## Data
BEGIN

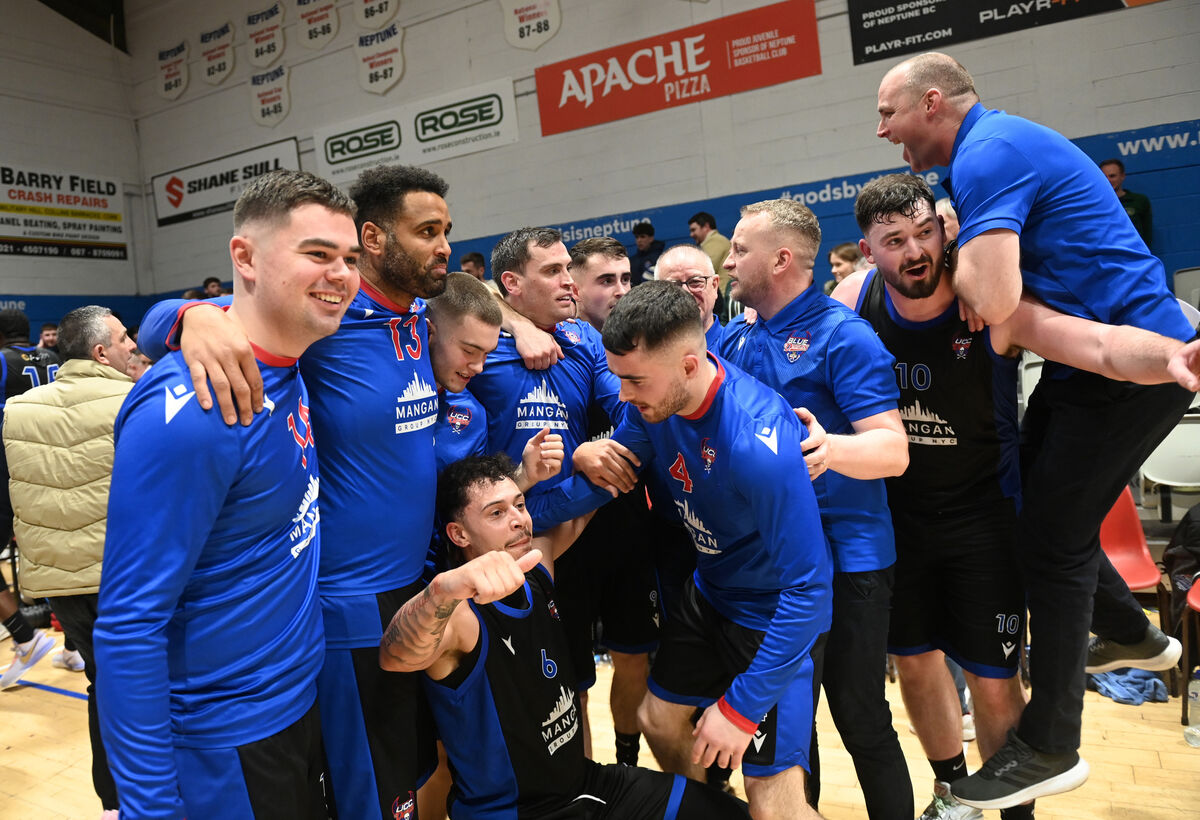  UCC Demons celebrate the win at the end of overtime over Neptune. Picture: Larry Cummins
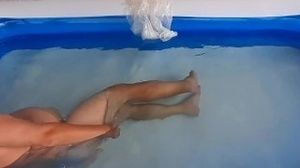 Outdoor pussy show. Nude couple plays in the outdoor nudist swimming pool. (Regina Noir) cam 2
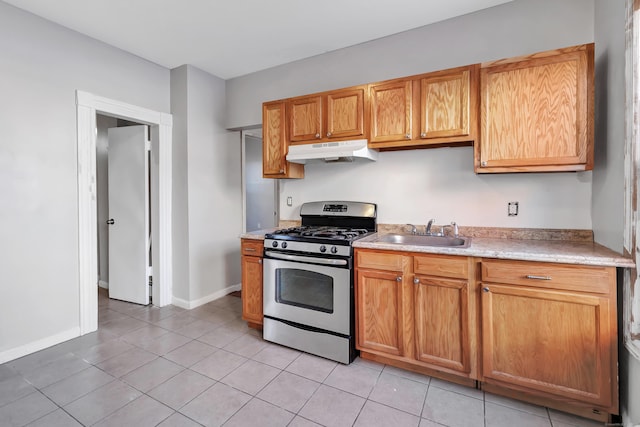 kitchen with light tile patterned flooring, gas stove, and sink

END

## Work instructions
A faithful copy is needed: reproduce all of the data above, leaving the pictures out.

## Reply
  UCC Demons celebrate the win at the end of overtime over Neptune. Picture: Larry Cummins
 Outdoor pussy show. Nude couple plays in the outdoor nudist swimming pool. (Regina Noir) cam 2
 kitchen with light tile patterned flooring, gas stove, and sink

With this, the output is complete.